Okagbare, 33, was charged with two counts of offenses in July last year by the Athletics Integrity Unit (AIU) which include: (i) “use of multiple (two) prohibited substances”, for which she had been provisionally suspended on 31 July 2021, the day on which she had been scheduled to participate in the semi-finals of the Tokyo 2020 women’s 100m, and (ii) for “refusal to co-operate with the AIU’s investigation into her case”.
On 7th October 2021, the Athletics Integrity Unit (AIU) officially pressed charges against the 2008 Beijing Games silver medalist, who has since denied any wrongdoing.

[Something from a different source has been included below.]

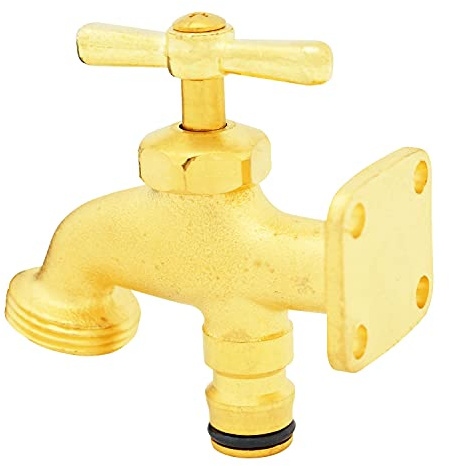 Parkland Solid Brass Hose End Tap for Outdoor and Allotment Use - Outside Water Access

A statement of the ruling by the Disciplinary Tribunal of the AIU date 18 February 2022, published by the AIU on Friday stated:
“The Disciplinary Tribunal has banned Nigerian sprinter Blessing Okagbare for a total of 10 years, five years for the presence and use of multiple prohibited substances and five years for her refusal to co-operate with the AIU’s investigation into her case.”

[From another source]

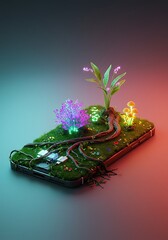 Futuristic smartphone with glowing plants and digital jungle growth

Okagbare failed to attend the hearing of the charges against her, and judgement was pronounced in her absence which has been confirmed in the ruling.
“The sole arbitrator adjudicating the case concluded that the athlete’s use of multiple prohibited substances as part of an organised doping regimen in the lead up to the Tokyo Olympic Games was egregious conduct that amounted to aggravating circumstances under the Rules thereby warranting an additional period of ineligibility on top of the standard four-year sanction”, the ruling stated.
The AIU has welcomed the ruling by the Disciplinary Tribunal, describing it as a “strong message against intentional and co-ordinated attempts to cheat at the very highest level of our sport”.
“We welcome the decision of the Disciplinary Tribunal; a ban of 10-year is a strong message against intentional and co-ordinated attempts to cheat at the very highest level of our sport. This is an outcome that was driven by our intelligence-led target testing as well as our commitment to investigate the circumstances behind a positive test,” said Brett Clothier, Head of the AIU.
Blessing Okabare has been given the right to appeal the decision at the Court of Arbitration for Sports (CAS) within 30 days of the publication of this ruling.